[Records from a dataset]
□ □ □
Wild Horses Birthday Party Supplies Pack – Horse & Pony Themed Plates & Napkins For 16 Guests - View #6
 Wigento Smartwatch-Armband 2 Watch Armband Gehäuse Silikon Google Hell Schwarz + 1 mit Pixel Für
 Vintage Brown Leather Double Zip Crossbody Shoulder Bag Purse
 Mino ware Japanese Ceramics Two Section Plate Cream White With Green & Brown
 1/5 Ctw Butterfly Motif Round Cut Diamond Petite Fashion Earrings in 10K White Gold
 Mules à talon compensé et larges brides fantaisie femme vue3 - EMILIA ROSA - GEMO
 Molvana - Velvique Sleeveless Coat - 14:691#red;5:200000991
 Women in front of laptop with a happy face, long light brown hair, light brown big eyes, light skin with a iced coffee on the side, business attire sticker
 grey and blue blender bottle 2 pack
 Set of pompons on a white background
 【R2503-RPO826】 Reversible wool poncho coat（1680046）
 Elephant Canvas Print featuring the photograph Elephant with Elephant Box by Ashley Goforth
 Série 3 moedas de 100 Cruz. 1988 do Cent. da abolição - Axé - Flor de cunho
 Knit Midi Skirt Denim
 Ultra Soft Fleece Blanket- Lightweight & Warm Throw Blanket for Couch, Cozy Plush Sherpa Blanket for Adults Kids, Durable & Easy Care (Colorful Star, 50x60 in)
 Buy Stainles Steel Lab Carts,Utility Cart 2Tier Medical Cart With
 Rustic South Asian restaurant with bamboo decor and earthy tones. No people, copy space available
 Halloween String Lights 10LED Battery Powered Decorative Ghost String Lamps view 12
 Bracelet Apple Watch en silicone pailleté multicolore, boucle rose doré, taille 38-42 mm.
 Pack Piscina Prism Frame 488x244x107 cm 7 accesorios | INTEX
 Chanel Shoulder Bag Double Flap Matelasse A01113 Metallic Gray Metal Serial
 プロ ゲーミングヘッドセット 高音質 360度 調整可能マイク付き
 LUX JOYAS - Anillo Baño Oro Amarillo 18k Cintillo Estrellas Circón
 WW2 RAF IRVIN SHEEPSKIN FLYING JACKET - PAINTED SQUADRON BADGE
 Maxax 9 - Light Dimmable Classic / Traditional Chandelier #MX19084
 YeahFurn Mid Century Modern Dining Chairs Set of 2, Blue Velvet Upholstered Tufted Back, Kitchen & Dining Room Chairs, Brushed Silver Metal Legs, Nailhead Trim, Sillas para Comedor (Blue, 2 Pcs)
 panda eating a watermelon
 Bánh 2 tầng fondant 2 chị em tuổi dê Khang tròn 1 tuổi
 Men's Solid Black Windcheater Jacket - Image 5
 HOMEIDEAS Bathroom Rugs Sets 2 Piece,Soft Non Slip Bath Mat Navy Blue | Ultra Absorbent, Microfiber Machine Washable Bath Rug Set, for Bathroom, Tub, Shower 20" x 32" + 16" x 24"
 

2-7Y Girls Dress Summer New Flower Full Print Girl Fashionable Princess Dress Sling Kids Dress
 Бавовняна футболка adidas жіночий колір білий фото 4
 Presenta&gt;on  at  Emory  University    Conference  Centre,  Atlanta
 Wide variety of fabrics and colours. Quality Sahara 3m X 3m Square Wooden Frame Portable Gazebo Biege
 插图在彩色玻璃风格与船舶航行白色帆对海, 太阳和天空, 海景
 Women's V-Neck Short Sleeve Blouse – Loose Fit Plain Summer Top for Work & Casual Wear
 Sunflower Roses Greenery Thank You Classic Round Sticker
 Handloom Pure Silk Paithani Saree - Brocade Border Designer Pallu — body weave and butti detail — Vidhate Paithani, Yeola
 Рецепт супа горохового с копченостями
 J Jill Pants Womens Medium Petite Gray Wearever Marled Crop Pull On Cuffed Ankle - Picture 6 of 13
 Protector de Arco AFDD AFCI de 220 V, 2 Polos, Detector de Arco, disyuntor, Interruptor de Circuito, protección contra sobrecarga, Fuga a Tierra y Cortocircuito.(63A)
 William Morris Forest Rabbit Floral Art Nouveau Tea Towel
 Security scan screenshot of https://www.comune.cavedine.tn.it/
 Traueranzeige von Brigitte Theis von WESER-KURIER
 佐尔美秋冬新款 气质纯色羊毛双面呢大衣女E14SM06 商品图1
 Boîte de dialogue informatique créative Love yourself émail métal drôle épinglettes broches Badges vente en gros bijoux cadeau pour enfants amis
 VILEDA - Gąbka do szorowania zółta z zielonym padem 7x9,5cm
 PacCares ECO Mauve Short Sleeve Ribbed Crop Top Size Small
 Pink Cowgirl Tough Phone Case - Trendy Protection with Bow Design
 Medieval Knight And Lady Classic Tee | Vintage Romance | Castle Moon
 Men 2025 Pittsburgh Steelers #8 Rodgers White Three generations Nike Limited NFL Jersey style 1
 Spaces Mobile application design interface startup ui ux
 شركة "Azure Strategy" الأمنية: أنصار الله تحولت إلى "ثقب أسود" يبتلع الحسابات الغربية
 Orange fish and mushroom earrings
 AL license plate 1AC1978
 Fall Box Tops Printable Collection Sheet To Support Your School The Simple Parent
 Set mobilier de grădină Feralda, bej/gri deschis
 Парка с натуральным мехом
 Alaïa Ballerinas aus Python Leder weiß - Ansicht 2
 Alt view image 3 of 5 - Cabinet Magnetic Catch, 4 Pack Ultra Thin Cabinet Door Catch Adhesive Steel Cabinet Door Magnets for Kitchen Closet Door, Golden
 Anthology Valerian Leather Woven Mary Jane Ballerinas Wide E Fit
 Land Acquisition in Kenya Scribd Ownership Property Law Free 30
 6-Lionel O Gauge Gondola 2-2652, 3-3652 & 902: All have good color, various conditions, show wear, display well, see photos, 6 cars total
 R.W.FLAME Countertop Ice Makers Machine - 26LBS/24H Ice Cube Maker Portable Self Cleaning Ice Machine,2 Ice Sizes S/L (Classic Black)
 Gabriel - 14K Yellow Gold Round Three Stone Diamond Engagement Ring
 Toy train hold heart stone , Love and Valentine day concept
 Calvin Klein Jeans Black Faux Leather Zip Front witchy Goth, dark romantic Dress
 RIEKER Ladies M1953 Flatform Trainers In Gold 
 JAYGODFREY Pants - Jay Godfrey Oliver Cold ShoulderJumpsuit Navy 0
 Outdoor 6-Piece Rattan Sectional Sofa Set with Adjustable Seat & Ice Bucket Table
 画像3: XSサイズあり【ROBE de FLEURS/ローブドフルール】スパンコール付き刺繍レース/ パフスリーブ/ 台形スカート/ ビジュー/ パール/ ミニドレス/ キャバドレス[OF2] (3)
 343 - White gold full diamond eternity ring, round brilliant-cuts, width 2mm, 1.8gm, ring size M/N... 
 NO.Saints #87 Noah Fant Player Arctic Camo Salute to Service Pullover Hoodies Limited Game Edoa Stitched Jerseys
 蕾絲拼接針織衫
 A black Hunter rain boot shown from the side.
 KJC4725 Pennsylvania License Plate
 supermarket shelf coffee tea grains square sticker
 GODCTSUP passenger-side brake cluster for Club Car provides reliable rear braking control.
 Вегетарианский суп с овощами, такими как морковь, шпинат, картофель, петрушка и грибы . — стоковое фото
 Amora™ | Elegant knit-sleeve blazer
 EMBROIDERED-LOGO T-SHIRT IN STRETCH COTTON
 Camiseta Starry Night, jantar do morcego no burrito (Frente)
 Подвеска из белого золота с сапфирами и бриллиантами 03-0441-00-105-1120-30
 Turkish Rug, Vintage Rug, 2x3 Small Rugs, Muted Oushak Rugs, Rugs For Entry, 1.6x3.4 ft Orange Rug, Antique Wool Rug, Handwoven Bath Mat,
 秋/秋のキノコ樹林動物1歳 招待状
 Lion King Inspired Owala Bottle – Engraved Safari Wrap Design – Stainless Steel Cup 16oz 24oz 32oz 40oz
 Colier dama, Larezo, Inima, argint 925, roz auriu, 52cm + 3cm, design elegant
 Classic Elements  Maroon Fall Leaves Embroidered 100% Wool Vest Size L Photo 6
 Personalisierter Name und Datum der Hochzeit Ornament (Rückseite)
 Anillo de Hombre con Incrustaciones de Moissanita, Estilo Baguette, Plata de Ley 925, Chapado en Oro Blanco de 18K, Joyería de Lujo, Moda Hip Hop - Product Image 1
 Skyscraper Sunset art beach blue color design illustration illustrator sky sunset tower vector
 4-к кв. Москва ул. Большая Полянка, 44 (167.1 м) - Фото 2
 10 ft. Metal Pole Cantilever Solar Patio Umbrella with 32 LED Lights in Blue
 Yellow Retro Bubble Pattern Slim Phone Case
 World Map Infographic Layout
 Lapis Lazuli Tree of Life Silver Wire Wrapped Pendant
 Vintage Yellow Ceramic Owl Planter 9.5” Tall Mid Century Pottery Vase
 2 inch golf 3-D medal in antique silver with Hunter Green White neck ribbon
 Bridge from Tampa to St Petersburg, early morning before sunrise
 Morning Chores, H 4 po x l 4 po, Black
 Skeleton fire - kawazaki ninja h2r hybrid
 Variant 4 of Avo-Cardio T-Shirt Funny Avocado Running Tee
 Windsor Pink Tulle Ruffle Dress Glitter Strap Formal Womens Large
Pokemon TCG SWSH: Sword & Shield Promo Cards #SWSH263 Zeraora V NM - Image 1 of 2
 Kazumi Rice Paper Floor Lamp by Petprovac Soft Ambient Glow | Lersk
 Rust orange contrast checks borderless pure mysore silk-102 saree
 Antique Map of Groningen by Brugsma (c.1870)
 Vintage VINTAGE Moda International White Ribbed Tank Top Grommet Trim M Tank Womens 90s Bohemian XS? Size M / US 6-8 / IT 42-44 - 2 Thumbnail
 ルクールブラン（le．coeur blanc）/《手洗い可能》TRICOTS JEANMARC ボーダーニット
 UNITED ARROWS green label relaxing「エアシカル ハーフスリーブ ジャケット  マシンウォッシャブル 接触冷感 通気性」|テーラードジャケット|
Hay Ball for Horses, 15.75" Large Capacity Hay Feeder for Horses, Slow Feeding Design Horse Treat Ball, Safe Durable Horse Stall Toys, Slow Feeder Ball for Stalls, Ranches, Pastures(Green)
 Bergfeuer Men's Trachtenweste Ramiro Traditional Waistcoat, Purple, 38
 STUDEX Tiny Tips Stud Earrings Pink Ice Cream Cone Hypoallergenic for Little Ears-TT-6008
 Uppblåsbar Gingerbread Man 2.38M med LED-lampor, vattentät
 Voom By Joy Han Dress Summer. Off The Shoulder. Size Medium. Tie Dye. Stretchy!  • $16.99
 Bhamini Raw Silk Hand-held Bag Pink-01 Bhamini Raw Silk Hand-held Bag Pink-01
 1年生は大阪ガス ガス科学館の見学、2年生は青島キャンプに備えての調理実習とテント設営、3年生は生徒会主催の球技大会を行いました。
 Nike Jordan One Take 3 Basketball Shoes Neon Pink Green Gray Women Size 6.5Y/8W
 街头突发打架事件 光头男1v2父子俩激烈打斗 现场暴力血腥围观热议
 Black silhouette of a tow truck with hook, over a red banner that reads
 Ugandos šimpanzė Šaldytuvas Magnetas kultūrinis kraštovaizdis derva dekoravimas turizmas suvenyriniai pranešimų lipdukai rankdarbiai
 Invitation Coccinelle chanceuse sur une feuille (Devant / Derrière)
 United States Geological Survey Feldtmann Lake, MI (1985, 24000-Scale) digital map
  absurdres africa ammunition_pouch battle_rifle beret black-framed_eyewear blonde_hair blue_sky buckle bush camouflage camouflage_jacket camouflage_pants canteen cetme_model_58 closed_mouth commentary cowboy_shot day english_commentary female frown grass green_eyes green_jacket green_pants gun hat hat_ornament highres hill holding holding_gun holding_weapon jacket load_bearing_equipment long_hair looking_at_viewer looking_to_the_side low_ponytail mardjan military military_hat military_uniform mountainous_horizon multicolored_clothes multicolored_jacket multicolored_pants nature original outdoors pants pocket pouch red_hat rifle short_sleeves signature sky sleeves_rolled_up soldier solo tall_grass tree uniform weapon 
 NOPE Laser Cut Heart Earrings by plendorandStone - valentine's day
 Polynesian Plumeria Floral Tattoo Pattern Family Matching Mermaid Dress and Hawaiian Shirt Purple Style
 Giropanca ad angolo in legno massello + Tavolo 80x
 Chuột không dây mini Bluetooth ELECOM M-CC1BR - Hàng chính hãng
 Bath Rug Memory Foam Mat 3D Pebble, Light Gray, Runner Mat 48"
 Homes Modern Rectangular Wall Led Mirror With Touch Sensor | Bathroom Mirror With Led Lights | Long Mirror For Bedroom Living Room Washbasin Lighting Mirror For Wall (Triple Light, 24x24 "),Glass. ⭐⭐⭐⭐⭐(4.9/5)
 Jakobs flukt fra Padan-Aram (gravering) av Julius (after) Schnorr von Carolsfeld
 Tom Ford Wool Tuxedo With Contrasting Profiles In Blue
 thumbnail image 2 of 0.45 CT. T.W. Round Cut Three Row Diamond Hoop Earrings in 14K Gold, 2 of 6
□ □ □
Above are the lines; repeat exactly the ones from the line containing "Set mobilier de" down to the line containing "Land Acquisition in", both inclusive.

● **REPLY TO THE TASK**
 Set mobilier de grădină Feralda, bej/gri deschis
 Парка с натуральным мехом
 Alaïa Ballerinas aus Python Leder weiß - Ansicht 2
 Alt view image 3 of 5 - Cabinet Magnetic Catch, 4 Pack Ultra Thin Cabinet Door Catch Adhesive Steel Cabinet Door Magnets for Kitchen Closet Door, Golden
 Anthology Valerian Leather Woven Mary Jane Ballerinas Wide E Fit
 Land Acquisition in Kenya Scribd Ownership Property Law Free 30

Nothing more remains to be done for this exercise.